There are many theories that try to explain what interest rates are. For example, the marginal productivity theory, developed by American economist John Bates Clark in The Distribution of Wealth (1899), implies that the interest is paid because capital is productive – the more productive the capital the higher the interest rate paid on it. Another explanation of interest rates comes from Knut Wicksell who, in his seminal work Interest Rates and Prices (1898), differentiated between the natural (real) interest rate, which is the by-product of supply and demand forces for goods (and services), and the rate that can be observed on credit, which is an entirely financial construct. Wicksell called this financial entity, the monetary (nominal) interest rate.

However, as Yogi Berra said: “In theory there is no difference between theory and practice. In practice it is.”

Therefore, in discussing interest rates we will look at their practical use, taking inspiration from Ray Dalio’s How the Economic Machine Works; as such, interest rates are the cost of servicing debt, the amount paid on cash deposits and the rate at which the future value of cash flows from assets such as stocks is discounted back to the present.

As a general rule, lowering interest rates makes servicing debt less costly, diminishes the amount savers get from cash deposits and boosts the present value of future cash flows.

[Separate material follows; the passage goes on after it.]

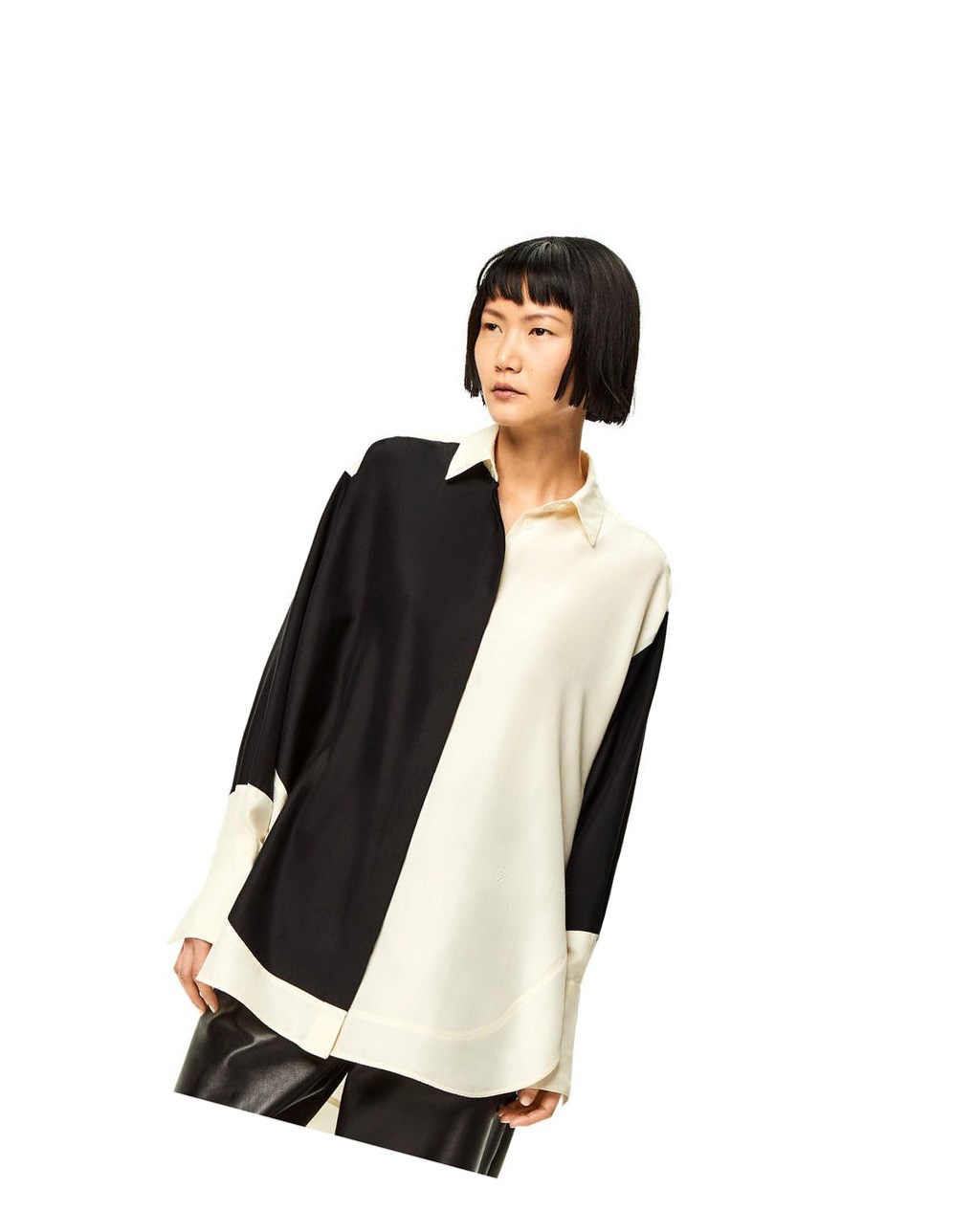 Loewe Long shirt in silk Noir Blanche | 3804KXSPI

The converse is true when interest rates are increased.

Therefore, all else being equal, at a macroeconomic level, lower interest rates encourage more spending and less saving, stimulating demand and, as a result, uplifting economic growth – higher interest rates have the reverse impact.

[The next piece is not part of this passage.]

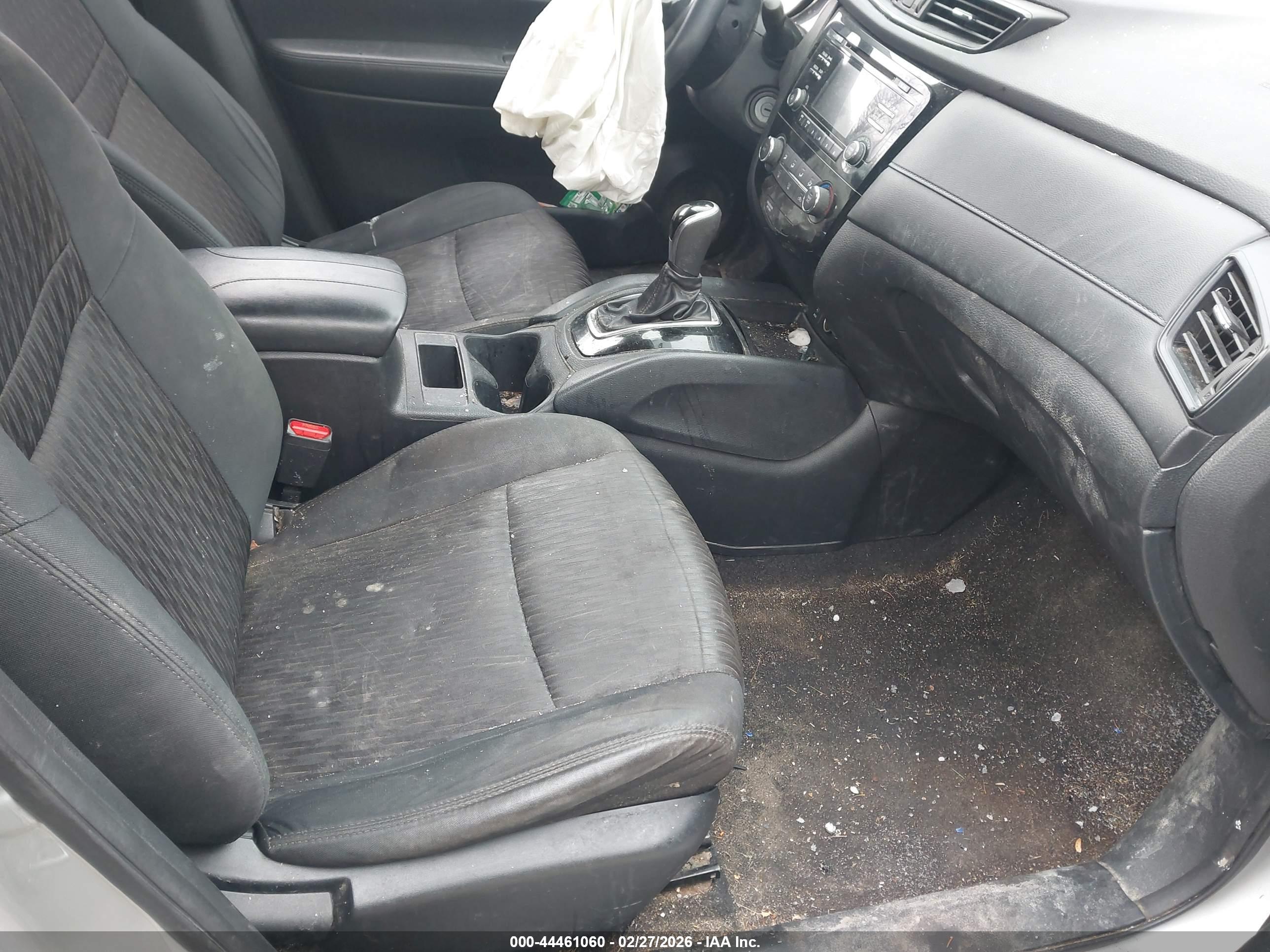 NISSAN ROGUE image 5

We can think of interest rates as signals that direct the flow of money and credit across financial markets and different parts of an economy, both within mainland and cross-border.

Money supply

Another important monetary factor that impacts economic development and growth is money supply or, more specifically, broad money supply. The relationship between GDP and money supply is expressed by the following equation: MV = PT (or the quantity theory of money, developed by Irving Fisher).

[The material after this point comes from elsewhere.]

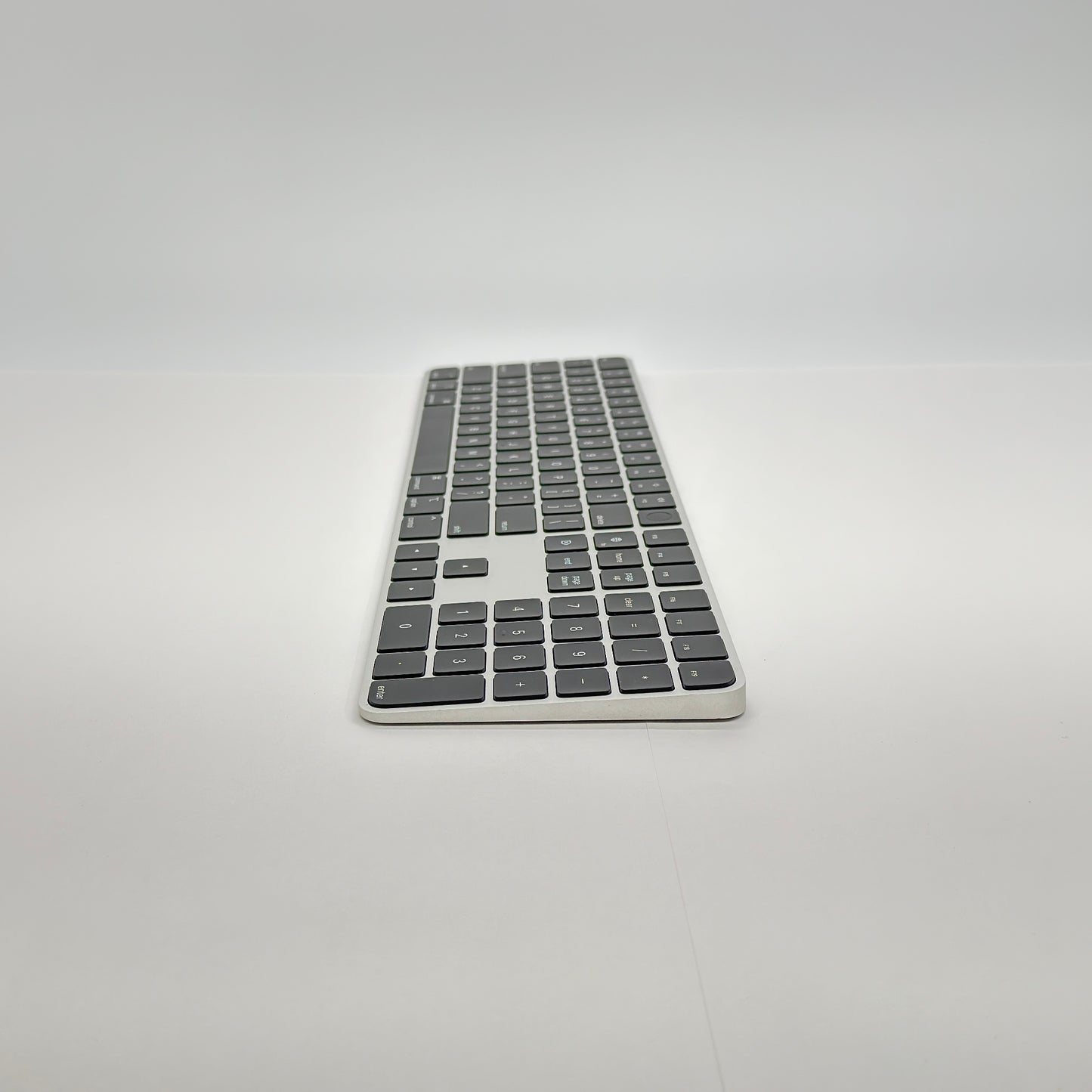 Apple Magic Keyboard with Touch ID テンキー付き 英語(US) ブラックキー 本体のみ【C6870-80】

M is the quantity of money, V is the velocity of money in circulation, P is the price level and T is the volume of transactions. For practical purposes, the equivalence can be re-written as: Growth in money supply x Velocity of money (the speed at which one unit of currency changes hands in an economy) = Inflation x Growth in real GDP; or: Growth in money supply x Velocity of money = Growth in nominal GDP.

Research done by the Institute of International Monetary Research demonstrates “a clear link in the last 30 years […] between the rates of increase in money (broadly-defined, to include all or nearly all bank deposits) and in nominal gross domestic product across the G20 leading nations”. For the mathematically inclined readers, the relationship can be expressed
as: ∆% NGDP = 0.78 + 0.91(∆% Broad Money), with an R-squared of 0.98.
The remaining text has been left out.